The Concrete Specific and the Ordinary
In their October 2022 newsletter, Armen and Karina from Neighbourhood Matters invites readers to reflect on the following quotes and asks, “when have you gained an understanding of universal meaning through the concrete, specific and ordinary?”
We’re inspired by this quote from Catholic priest Richard Rohr on why place, neighbourhood, presence, the particular and the ordinary matter so much:
The doctrine of haecceity (“thisness”) says that we come to universal meaning deeply and rightly through the concrete, the specific, and the ordinary, and not the other way around. The principle here is “go deep in any one place and we will meet all places”. When we start with big universal ideas, at the level of concepts and -isms, we too often stay there — arguing about theories, forever making more distinctions. At that level, the mind is totally in charge. It’s easier to love humanity then, but not any individual people. We defend principles of justice but can’t muster the courage to live fully just lives ourselves.

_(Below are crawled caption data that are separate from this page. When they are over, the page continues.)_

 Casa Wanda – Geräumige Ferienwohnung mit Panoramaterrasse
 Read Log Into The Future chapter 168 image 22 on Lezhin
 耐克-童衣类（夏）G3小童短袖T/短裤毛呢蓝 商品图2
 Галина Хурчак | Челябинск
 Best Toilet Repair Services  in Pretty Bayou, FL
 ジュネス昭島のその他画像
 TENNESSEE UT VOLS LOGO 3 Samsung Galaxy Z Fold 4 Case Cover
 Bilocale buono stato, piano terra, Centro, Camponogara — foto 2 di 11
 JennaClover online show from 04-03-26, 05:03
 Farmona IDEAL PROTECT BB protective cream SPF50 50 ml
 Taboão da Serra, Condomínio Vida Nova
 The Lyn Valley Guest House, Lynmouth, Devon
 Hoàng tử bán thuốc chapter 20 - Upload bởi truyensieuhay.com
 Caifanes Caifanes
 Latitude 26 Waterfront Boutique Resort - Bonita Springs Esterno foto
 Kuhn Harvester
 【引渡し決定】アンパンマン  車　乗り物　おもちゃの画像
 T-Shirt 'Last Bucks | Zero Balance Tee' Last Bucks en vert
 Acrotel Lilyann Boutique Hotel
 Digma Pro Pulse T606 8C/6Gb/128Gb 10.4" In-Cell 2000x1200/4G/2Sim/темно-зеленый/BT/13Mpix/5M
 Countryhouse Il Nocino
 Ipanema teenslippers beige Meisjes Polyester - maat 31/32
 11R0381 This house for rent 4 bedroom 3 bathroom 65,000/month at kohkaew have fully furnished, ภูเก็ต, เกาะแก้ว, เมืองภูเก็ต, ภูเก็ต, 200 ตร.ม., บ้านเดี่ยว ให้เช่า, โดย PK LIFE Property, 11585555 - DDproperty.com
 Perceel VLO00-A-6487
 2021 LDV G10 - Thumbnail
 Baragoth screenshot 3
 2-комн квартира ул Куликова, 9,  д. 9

And in the words of 20th century German theologian and anti-Nazi dissident Dietrich Bonhoeffer, “The person who loves their dream of community will destroy community, but the person who loves those around them will create community”.
In his introduction to “Missional leadership–entering the Trialogue” Nelus Niemandt claims that participation “in God’s mission is seen as best suited to the adaptive leadership challenges that face the missional church, and it allows the church to stop fretting over the church by entering into the trialogue. The trialogue is the discerning interaction between church, culture and biblical narrative – to seek, discover, understand and share in what the Holy Spirit is up to in the close-to-the-ground particulars of the church’s engagement in, with, against and for the world.”